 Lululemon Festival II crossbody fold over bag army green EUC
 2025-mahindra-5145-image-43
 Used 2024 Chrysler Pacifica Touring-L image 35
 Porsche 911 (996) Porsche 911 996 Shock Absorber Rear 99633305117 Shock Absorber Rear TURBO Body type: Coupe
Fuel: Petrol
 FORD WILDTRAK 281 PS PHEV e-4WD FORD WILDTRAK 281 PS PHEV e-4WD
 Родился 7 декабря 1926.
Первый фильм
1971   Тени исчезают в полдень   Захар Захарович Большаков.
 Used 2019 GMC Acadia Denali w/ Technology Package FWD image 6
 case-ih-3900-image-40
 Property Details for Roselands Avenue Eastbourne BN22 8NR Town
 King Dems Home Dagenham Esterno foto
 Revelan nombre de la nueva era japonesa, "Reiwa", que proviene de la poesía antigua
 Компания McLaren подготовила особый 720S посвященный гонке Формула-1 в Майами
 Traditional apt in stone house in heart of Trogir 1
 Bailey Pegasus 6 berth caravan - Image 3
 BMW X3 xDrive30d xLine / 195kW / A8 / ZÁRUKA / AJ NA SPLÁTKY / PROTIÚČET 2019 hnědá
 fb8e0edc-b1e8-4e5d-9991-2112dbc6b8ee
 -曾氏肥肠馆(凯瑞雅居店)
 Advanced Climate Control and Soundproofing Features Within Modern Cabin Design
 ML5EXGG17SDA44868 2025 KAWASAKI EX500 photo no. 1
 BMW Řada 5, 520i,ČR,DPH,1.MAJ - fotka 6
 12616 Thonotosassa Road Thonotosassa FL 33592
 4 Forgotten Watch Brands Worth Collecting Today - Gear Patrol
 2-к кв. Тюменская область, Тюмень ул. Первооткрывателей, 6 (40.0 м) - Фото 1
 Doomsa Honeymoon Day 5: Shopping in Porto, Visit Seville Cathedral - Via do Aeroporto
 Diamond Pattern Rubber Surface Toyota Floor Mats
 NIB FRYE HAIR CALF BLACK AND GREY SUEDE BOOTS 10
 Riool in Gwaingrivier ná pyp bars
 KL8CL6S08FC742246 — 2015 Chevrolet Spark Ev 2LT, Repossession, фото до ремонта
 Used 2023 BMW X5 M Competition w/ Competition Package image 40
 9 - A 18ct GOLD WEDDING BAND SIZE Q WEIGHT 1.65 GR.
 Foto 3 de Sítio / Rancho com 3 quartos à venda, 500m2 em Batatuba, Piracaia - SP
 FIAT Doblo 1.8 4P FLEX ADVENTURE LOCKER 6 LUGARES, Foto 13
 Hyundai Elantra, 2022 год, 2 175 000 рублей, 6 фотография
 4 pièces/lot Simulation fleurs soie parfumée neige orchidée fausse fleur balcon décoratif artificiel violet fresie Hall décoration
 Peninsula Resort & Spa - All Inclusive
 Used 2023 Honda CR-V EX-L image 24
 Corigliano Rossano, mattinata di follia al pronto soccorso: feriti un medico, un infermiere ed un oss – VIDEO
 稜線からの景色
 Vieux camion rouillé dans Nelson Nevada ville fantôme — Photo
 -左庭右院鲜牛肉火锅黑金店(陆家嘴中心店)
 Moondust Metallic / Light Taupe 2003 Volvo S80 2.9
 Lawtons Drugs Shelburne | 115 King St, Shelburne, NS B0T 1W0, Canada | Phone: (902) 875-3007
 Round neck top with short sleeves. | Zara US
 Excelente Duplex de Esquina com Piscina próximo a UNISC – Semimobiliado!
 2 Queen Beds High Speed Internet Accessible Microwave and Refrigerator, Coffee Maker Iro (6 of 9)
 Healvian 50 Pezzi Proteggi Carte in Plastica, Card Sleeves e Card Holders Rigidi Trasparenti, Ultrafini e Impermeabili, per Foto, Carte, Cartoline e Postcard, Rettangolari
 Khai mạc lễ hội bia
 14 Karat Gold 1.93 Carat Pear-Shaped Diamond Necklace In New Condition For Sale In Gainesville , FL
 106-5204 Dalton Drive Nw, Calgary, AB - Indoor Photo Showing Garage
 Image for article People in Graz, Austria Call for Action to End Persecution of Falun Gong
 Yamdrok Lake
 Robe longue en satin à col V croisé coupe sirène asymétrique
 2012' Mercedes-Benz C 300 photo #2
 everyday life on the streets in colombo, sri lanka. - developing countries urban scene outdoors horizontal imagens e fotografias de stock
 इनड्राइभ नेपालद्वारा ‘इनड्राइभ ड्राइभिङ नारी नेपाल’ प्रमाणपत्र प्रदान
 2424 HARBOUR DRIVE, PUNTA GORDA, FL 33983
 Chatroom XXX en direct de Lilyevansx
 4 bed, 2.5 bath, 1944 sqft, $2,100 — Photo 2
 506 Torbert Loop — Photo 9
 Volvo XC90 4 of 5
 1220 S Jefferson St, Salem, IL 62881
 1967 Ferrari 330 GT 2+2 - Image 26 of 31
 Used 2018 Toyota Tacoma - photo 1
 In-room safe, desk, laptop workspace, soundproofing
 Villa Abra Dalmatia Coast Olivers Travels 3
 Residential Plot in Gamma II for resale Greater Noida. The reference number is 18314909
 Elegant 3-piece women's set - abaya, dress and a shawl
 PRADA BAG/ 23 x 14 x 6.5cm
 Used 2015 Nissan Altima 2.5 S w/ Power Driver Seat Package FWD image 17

HOW TO COMPLETE THIS TASK
The response should consist of all the entries, transcribed exactly.

ANSWER TO THE PROBLEM
 Lululemon Festival II crossbody fold over bag army green EUC
 2025-mahindra-5145-image-43
 Used 2024 Chrysler Pacifica Touring-L image 35
 Porsche 911 (996) Porsche 911 996 Shock Absorber Rear 99633305117 Shock Absorber Rear TURBO Body type: Coupe
Fuel: Petrol
 FORD WILDTRAK 281 PS PHEV e-4WD FORD WILDTRAK 281 PS PHEV e-4WD
 Родился 7 декабря 1926.
Первый фильм
1971   Тени исчезают в полдень   Захар Захарович Большаков.
 Used 2019 GMC Acadia Denali w/ Technology Package FWD image 6
 case-ih-3900-image-40
 Property Details for Roselands Avenue Eastbourne BN22 8NR Town
 King Dems Home Dagenham Esterno foto
 Revelan nombre de la nueva era japonesa, "Reiwa", que proviene de la poesía antigua
 Компания McLaren подготовила особый 720S посвященный гонке Формула-1 в Майами
 Traditional apt in stone house in heart of Trogir 1
 Bailey Pegasus 6 berth caravan - Image 3
 BMW X3 xDrive30d xLine / 195kW / A8 / ZÁRUKA / AJ NA SPLÁTKY / PROTIÚČET 2019 hnědá
 fb8e0edc-b1e8-4e5d-9991-2112dbc6b8ee
 -曾氏肥肠馆(凯瑞雅居店)
 Advanced Climate Control and Soundproofing Features Within Modern Cabin Design
 ML5EXGG17SDA44868 2025 KAWASAKI EX500 photo no. 1
 BMW Řada 5, 520i,ČR,DPH,1.MAJ - fotka 6
 12616 Thonotosassa Road Thonotosassa FL 33592
 4 Forgotten Watch Brands Worth Collecting Today - Gear Patrol
 2-к кв. Тюменская область, Тюмень ул. Первооткрывателей, 6 (40.0 м) - Фото 1
 Doomsa Honeymoon Day 5: Shopping in Porto, Visit Seville Cathedral - Via do Aeroporto
 Diamond Pattern Rubber Surface Toyota Floor Mats
 NIB FRYE HAIR CALF BLACK AND GREY SUEDE BOOTS 10
 Riool in Gwaingrivier ná pyp bars
 KL8CL6S08FC742246 — 2015 Chevrolet Spark Ev 2LT, Repossession, фото до ремонта
 Used 2023 BMW X5 M Competition w/ Competition Package image 40
 9 - A 18ct GOLD WEDDING BAND SIZE Q WEIGHT 1.65 GR.
 Foto 3 de Sítio / Rancho com 3 quartos à venda, 500m2 em Batatuba, Piracaia - SP
 FIAT Doblo 1.8 4P FLEX ADVENTURE LOCKER 6 LUGARES, Foto 13
 Hyundai Elantra, 2022 год, 2 175 000 рублей, 6 фотография
 4 pièces/lot Simulation fleurs soie parfumée neige orchidée fausse fleur balcon décoratif artificiel violet fresie Hall décoration
 Peninsula Resort & Spa - All Inclusive
 Used 2023 Honda CR-V EX-L image 24
 Corigliano Rossano, mattinata di follia al pronto soccorso: feriti un medico, un infermiere ed un oss – VIDEO
 稜線からの景色
 Vieux camion rouillé dans Nelson Nevada ville fantôme — Photo
 -左庭右院鲜牛肉火锅黑金店(陆家嘴中心店)
 Moondust Metallic / Light Taupe 2003 Volvo S80 2.9
 Lawtons Drugs Shelburne | 115 King St, Shelburne, NS B0T 1W0, Canada | Phone: (902) 875-3007
 Round neck top with short sleeves. | Zara US
 Excelente Duplex de Esquina com Piscina próximo a UNISC – Semimobiliado!
 2 Queen Beds High Speed Internet Accessible Microwave and Refrigerator, Coffee Maker Iro (6 of 9)
 Healvian 50 Pezzi Proteggi Carte in Plastica, Card Sleeves e Card Holders Rigidi Trasparenti, Ultrafini e Impermeabili, per Foto, Carte, Cartoline e Postcard, Rettangolari
 Khai mạc lễ hội bia
 14 Karat Gold 1.93 Carat Pear-Shaped Diamond Necklace In New Condition For Sale In Gainesville , FL
 106-5204 Dalton Drive Nw, Calgary, AB - Indoor Photo Showing Garage
 Image for article People in Graz, Austria Call for Action to End Persecution of Falun Gong
 Yamdrok Lake
 Robe longue en satin à col V croisé coupe sirène asymétrique
 2012' Mercedes-Benz C 300 photo #2
 everyday life on the streets in colombo, sri lanka. - developing countries urban scene outdoors horizontal imagens e fotografias de stock
 इनड्राइभ नेपालद्वारा ‘इनड्राइभ ड्राइभिङ नारी नेपाल’ प्रमाणपत्र प्रदान
 2424 HARBOUR DRIVE, PUNTA GORDA, FL 33983
 Chatroom XXX en direct de Lilyevansx
 4 bed, 2.5 bath, 1944 sqft, $2,100 — Photo 2
 506 Torbert Loop — Photo 9
 Volvo XC90 4 of 5
 1220 S Jefferson St, Salem, IL 62881
 1967 Ferrari 330 GT 2+2 - Image 26 of 31
 Used 2018 Toyota Tacoma - photo 1
 In-room safe, desk, laptop workspace, soundproofing
 Villa Abra Dalmatia Coast Olivers Travels 3
 Residential Plot in Gamma II for resale Greater Noida. The reference number is 18314909
 Elegant 3-piece women's set - abaya, dress and a shawl
 PRADA BAG/ 23 x 14 x 6.5cm
 Used 2015 Nissan Altima 2.5 S w/ Power Driver Seat Package FWD image 17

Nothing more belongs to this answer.